Mastodon is a microblogging platform that offers an alternative to traditional social media giants by embracing an open and distributed network model. Unlike other social media platforms that are centralised in terms of the being the property and governed by a single business entity, Mastodon servers (also called instances) are typically owned and operated by the users. The server instances collectively form the Mastodon network which is part of the federated universe or fediverse, and uses an open-source network protocol called ActivityPub to inter-communicate between services and also user software clients.

Pitched as a free and open alternative to Twitter, Mastodon allows users to sign-up to an instance of their choosing, joining autonomous local communities with their own moderation and policies. Server instances are typically established around a community or area of interest, for example historians.social an instance created for academic historians, and federated.press a server centered around journalism. Users can interact with the community on their server, or more widely with users on other servers. Mastodon has its own flavour of common features, users can follow others, make and reply to posts (toots), re-blog and boost posts (similar to retweeting and combined liking) and also use hashtags. Users can either find global content through the federated timeline, which is a stream of messages eminating from server instances that their community server is federated with, or local content through their own community servers local timeline.

Much like Twitter, Mastodon has a REST data API that has data endpoints and OAuth authentication to support the operation of 3rd-party applications. Unlike Twitter however, authentication and data collection occur at the individual server instance level and can have varying support for public or private access to data depending on the server providers configuration and policies. Because of the open and transparent nature of the servers and networks, data collection can be performed from multiple and alternative access points. The fediverse presents a significantly lower barrier to collecting public data than other restrictive and commercial social media platforms.

This blog post will introduce a process for simple data collection and network creation for Mastodon conversation threads in R.

The rtoot package

rtoot The rtoot R package developed by (Schoch & Chan, 2023) allows R code to interact with Mastodon API enpoints and perform various functions. The package allows the creation of either a public or private bearer token used to authenticate requests to the instance server API. A public bearer token is suitable for reading public data, whereas a private token would be used to perform user scope operations such as posting toots. These tokens can be used by both apps or scripts and no credentials (or even user account) are required to create a public scope token making it easy for researchers to collect network data. In fact the OAuth process is not even required to access public Mastodon data but will be presented as reference as it is part of a standard practice for accessing social media API endpoints.
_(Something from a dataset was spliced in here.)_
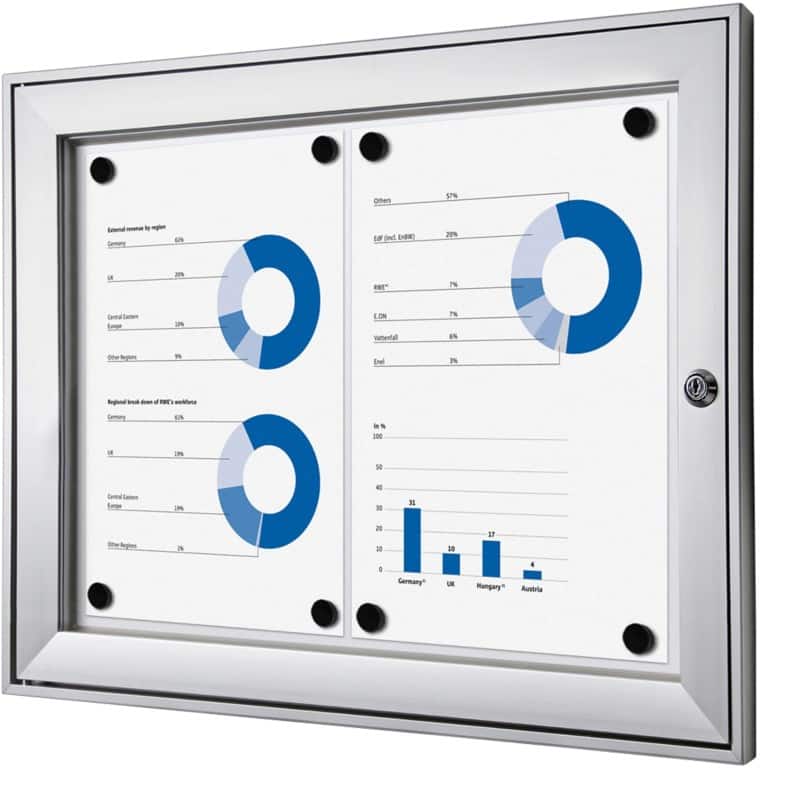 Vitrine d'affichage verrouillable Showdown Magnétique 52,1 x 38,8 cm (l x h) Argenté 2 x A4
The following code snippet creates an OAuth bearer token with public access scope for the mastodon.social instance. At time of writing tokens generally do not expire, so this step only needs to be performed once if you save the token.

library(rtoot)

# create a public access bearer token, name and save it for future use
auth_setup(
  instance = "mastodon.social",
  type = "public",
  name = "mast_soc_public",
  path = "~/.rtoot_auth")

# Token of type "public" for instance mastodon.social is valid
# <mastodon bearer token> for instance: mastodon.social of type: public

# read saved bearer token
rtoot_token <- readRDS("~/.rtoot_auth/mast_soc_public.rds")

# bearer token value
rtoot_token$bearer
# [1] "fLb..............................spY"

token <- rtoot_token$bearer

Collecting data

This section will look at collecting data for a Mastodon conversation thread that will enable the construction of different types of networks. The following public post was made on July 27, 2023 by the Ars Technica account promoting a story on their blog site concerning the rebranding of Twitter as ‘X’.

Figure 1: Ars Technica news story toot on mastodon.social.

To collect the relevant posts related to the thread, we need to provide the desired server instance and toot identifier as parameters to the collection functions. These components can be extracted from a post URL as follows.

library(httr)

# thread url
toot_url <- "https://mastodon.social/@arstechnica/110781427821159121"

# extract toot id and server instance from url
toot_server = parse_url(toot_url)$hostname    # mastodon.social
toot_id <- basename(parse_url(toot_url)$path) # 110781427821159121

The rtoot function get_status can then be used to collect toots, and the get_context function for threads (a thread is referred to as a context by the API). The original post is not returned by get_context so this must be collected seperately using get_status.

# get original post and its thread
toot <- get_status(toot_id, toot_server, token)
thread <- get_context(toot_id, toot_server, token)

# original post
toot

# A tibble: 1 × 29
  id            uri   created_at          content visibility sensitive
  <chr>         <chr> <dttm>              <chr>   <chr>      <lgl>    
1 110781427821… http… 2023-07-26 16:53:59 "<p>Tw… public     FALSE    
# ℹ 23 more variables: spoiler_text <chr>, reblogs_count <int>,
#   favourites_count <int>, replies_count <int>, url <chr>,
#   in_reply_to_id <lgl>, in_reply_to_account_id <lgl>,
#   language <chr>, text <lgl>, application <I<list>>,
#   poll <I<list>>, card <I<list>>, account <list>, reblog <I<list>>,
#   media_attachments <list>, mentions <list>, tags <I<list>>,
#   emojis <I<list>>, favourited <lgl>, reblogged <lgl>, …

# thread object
names(thread)

[1] "ancestors"   "descendants"

# number of toots above the original post
nrow(thread$ancestors)

[1] 0

# number of toots below the original post
nrow(thread$descendants)

[1] 59

# rate-limit
attr(thread, "headers")

# A tibble: 1 × 3
  rate_limit rate_remaining rate_reset         
  <chr>      <chr>          <dttm>             
1 300        205            2023-07-26 21:25:00

Here we can see the structure of the original post and thread objects. The original post is a dataframe with 29 columns of post metadata, some containing nested list data, and only 1 observation. The thread object has two dataframes, one for posts above (ancestors) that will always have 0 observations if an original post was specified, and below the post (descendants) that contains all of the reply posts. The API rate-limit is also included as an attribute of data objects returned by rtoot functions and can be used to monitor and manage the collection of larger data sets.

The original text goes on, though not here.